Deux femmes, deux parcours, Frederika Abbate née à Tunis d’origine sicilienne et Letizia Battaglia née à Palerme en Sicile … La première écrivain, chroniqueuse, au talent luxuriant, du roman à l’essai, d’articles sur l’art aux émissions de radio, son oeuvre est dense et originale…
La seconde, qui entreprend dans les années 60, après une grave dépression un travail avec Francesco Correo grand psychanalyste freudien, car dit-elle “il ne suffit pas de naitre pour être au monde. Pour être au monde, il faut exister. Exister.
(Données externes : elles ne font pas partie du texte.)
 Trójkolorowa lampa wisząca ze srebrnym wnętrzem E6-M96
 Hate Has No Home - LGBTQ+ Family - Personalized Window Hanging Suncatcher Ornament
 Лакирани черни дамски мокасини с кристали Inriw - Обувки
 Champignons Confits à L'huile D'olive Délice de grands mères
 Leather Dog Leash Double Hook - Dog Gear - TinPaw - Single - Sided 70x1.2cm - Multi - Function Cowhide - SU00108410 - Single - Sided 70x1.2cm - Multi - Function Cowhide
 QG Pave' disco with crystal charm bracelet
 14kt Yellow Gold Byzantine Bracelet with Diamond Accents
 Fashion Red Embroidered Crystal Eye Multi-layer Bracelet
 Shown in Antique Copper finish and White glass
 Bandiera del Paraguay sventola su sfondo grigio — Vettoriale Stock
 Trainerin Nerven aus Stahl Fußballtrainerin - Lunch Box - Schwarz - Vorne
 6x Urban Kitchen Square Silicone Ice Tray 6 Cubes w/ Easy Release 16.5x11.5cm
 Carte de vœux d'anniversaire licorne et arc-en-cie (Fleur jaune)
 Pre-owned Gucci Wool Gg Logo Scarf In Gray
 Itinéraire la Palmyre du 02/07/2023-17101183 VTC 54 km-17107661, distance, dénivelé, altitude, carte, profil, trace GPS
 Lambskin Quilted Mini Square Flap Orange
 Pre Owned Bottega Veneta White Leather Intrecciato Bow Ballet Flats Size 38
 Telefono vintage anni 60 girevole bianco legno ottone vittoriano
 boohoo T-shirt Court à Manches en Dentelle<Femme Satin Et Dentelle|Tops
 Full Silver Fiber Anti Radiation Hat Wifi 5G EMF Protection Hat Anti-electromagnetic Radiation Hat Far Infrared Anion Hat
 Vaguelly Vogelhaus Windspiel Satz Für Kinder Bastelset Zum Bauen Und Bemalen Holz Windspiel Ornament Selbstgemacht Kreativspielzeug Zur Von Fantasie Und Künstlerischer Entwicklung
Toute la question est là. (…) Elle parvient a remonter aux motifs de sa souffrance, survenus dans l’enfance.”
Elle prend alors son indépendance pour exister et devient journaliste à l’Ora quotidien de gauche où elle va écrire et surtout photographier avec son compagnon Franco Zecchin …
Pendant près de 20 ans elle va combattre le crime organisé, impliquée totalement dans sa lutte contre le mal, la photo lui permet de “tisser une culture de la paix” … Parallèlement Letizia Battaglia et Franco Zecchin vont donner des cours de théatre aux malades de l’hopital psychiatrique de Palerme. “Contre la tristesse qui est amoindrissement de l’être (Spinoza), ils opposèrent la joie, qui est accroissement et affirmation de l’être.”
“Elle réalise pendant près de deux décades sa magnifique et terrible chronique des années de guerre en Sicile” avec la peur en toile de fond, toujours présente mais qui ne l’empêche pas de capter le réel, d’aller au coeur saignant du réel. Le théatre nu de la cruauté … Les morts de laCosa Nostra …
Les assassinats en 1992 des juges Falcone et Borsellino, créateurs d’un pool anti mafia, vont accélérer son besoin de commencer une nouvelle histoire en laissant partir la précédente. Il s’agit des Ré-élaborations, ce projet pour lequel elle ajoute à certaines de ses archives des photos de corps féminins. Le but est de rappeler les événements traumatiques du passé en y incluant, selon Letizia Battaglia, une forme d’espoir, les femmes représentant « la possibilité de régénération et de transformation ».
Entre 2013 et 2014 elle crée les Invincibles, un hommage à celles et ceux qui l’ont inspirée et soutenue … en noir et blanc comme toujours : Joyce, Yourcenar, Freud, Rosa Parks, Che Guevara, Pasolini et bien sûr Borsellino et Falcone.
… Finalement, sa série des femmes nues photographiées au-delà de la séduction ou de la non séduction, par un regard qui laisse parler de la peau, la chair de femme, va marquer un tournant dans l’histoire artistique du nu féminin.
“Letizia Battaglia, une femme contre la mafia”, nous plonge de façon vertigineuse dans l‘Italie des années de plomb, dans la Sicile gangrénée par la mafia et surtout nous raconte le travail d’une femme exceptionnellement engagée à travers l’art vécu comme un affrontement contre le mal.